Work required »
Please repeat the entries exactly as they appear and omit any images.

Dataset content »

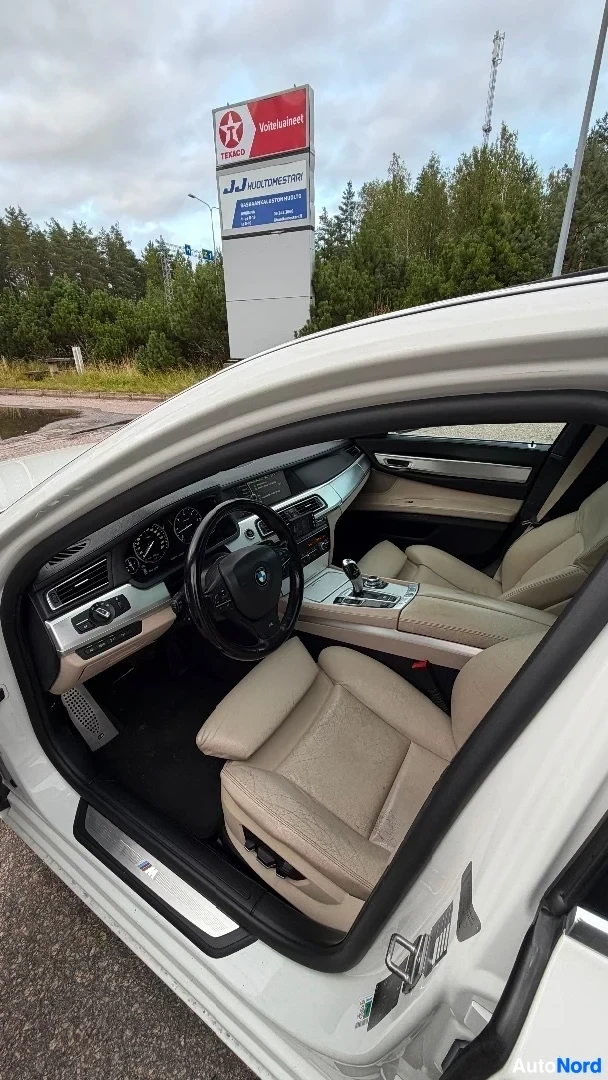 Etuistuimet: Auton sisänäkymä avoimesta kuljettajan ovesta, näkyy vaalean väriset nahkaistuin, mustatekstuuroitu kojelauta BMW-logolla ja ohjausrata, taustalla huoltoaseman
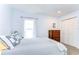 Bright bedroom featuring a comfy bed with white walls and natural light from the window at 5114 Whispering Leaf Trl, Valrico, FL 33596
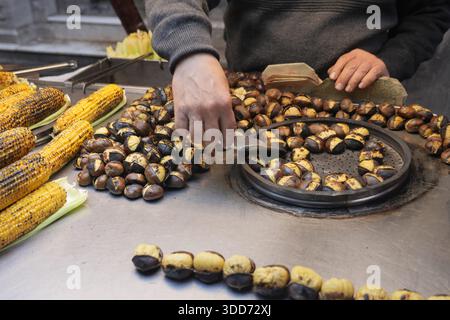 Vendeur cuisine des châtaignes et du maïs dans la rue par temps froid à Istanbul Banque D'Images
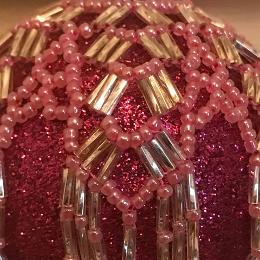 Close up of pink and silver Arabian Nights bauble on a fuchsia pink glitter Christmas tree ornament.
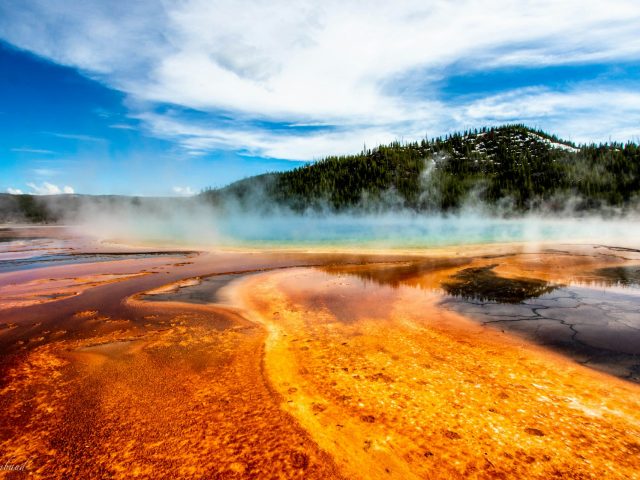 A geyser erupting in a mountain landscape
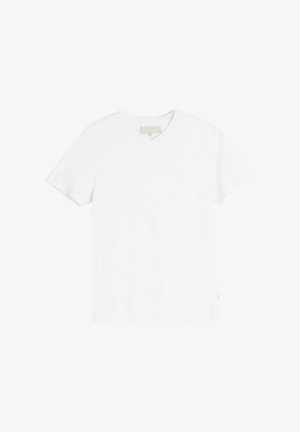 Biała bawełniana koszulka z dekoltem w serek i krótkim rękawem. Miękka tekstura, proste wykończenie i subtelny detal logo na piersi. Prosty i klasyczny design.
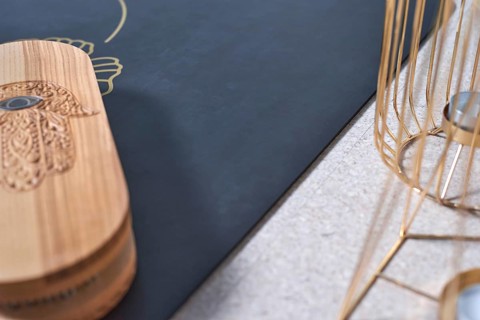 Image of a box with nails in a light studio on a black mat. Yoga concept. Spiritual practices. Mixed media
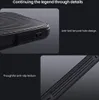 Close-up shots of a black phone case highlighting its texture and lanyard hole. Náhled obrázku produktu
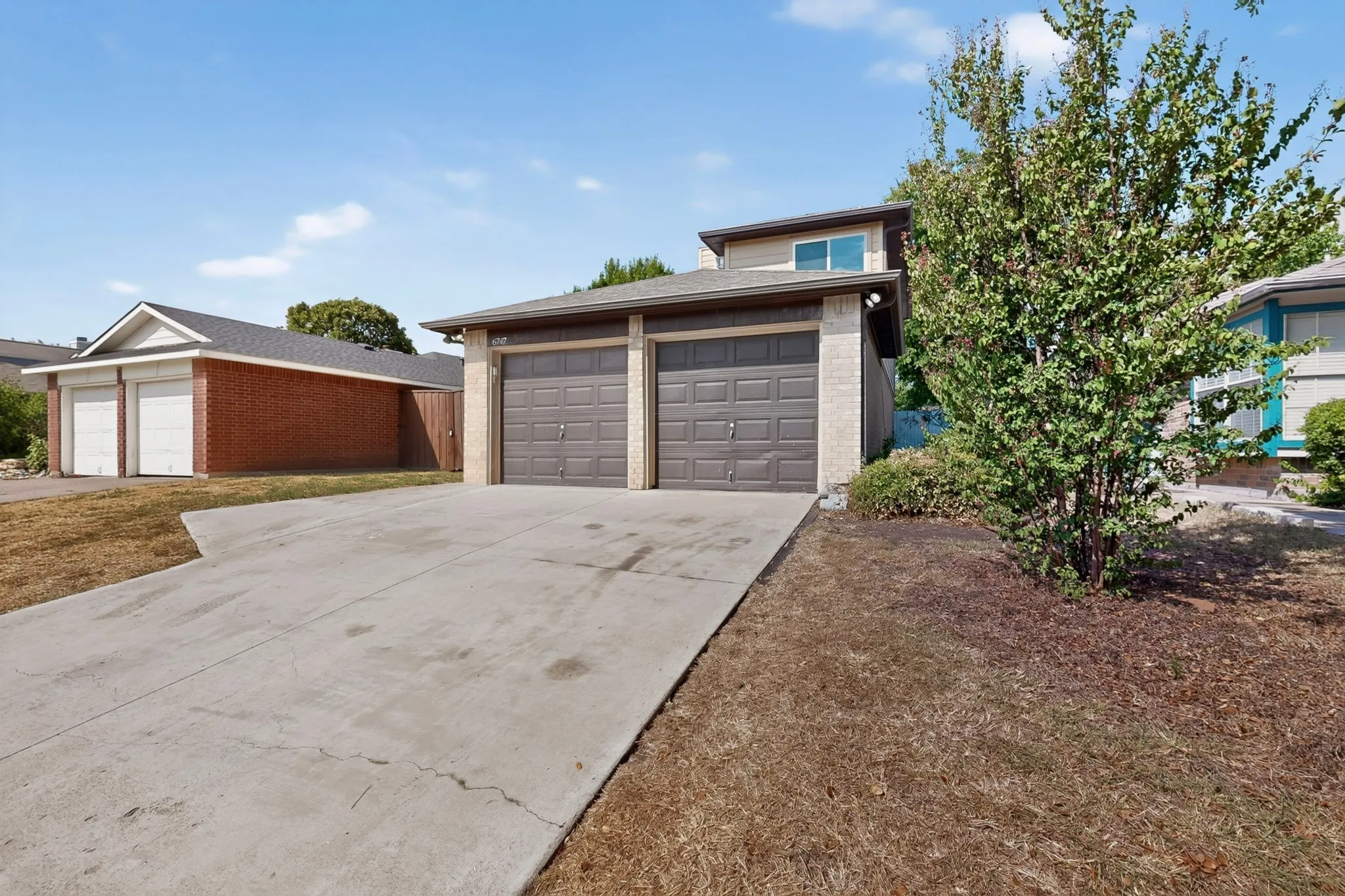 Two-car garage with panel doors, concrete driveway, and mature landscaping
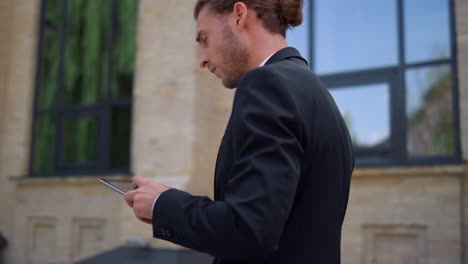 hombre enfocado usando la tableta mientras camina trabajando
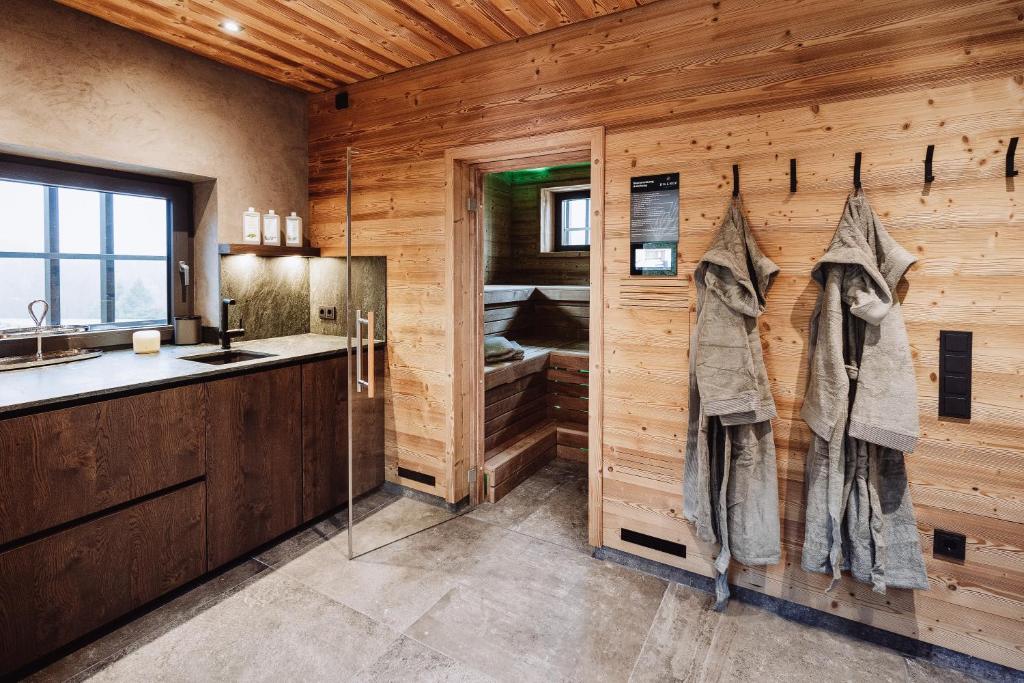 a bathroom with wooden walls and a sink and a shower at Dillhof Apartments in Eschau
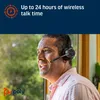 A man wearing a headset is looking out a window. Voir les images du produit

Result for this task »
 Etuistuimet: Auton sisänäkymä avoimesta kuljettajan ovesta, näkyy vaalean väriset nahkaistuin, mustatekstuuroitu kojelauta BMW-logolla ja ohjausrata, taustalla huoltoaseman
 Bright bedroom featuring a comfy bed with white walls and natural light from the window at 5114 Whispering Leaf Trl, Valrico, FL 33596
 Vendeur cuisine des châtaignes et du maïs dans la rue par temps froid à Istanbul Banque D'Images
 Close up of pink and silver Arabian Nights bauble on a fuchsia pink glitter Christmas tree ornament.
 A geyser erupting in a mountain landscape
 Biała bawełniana koszulka z dekoltem w serek i krótkim rękawem. Miękka tekstura, proste wykończenie i subtelny detal logo na piersi. Prosty i klasyczny design.
 Image of a box with nails in a light studio on a black mat. Yoga concept. Spiritual practices. Mixed media
 Close-up shots of a black phone case highlighting its texture and lanyard hole. Náhled obrázku produktu
 Two-car garage with panel doors, concrete driveway, and mature landscaping
 hombre enfocado usando la tableta mientras camina trabajando
 a bathroom with wooden walls and a sink and a shower at Dillhof Apartments in Eschau
 A man wearing a headset is looking out a window. Voir les images du produit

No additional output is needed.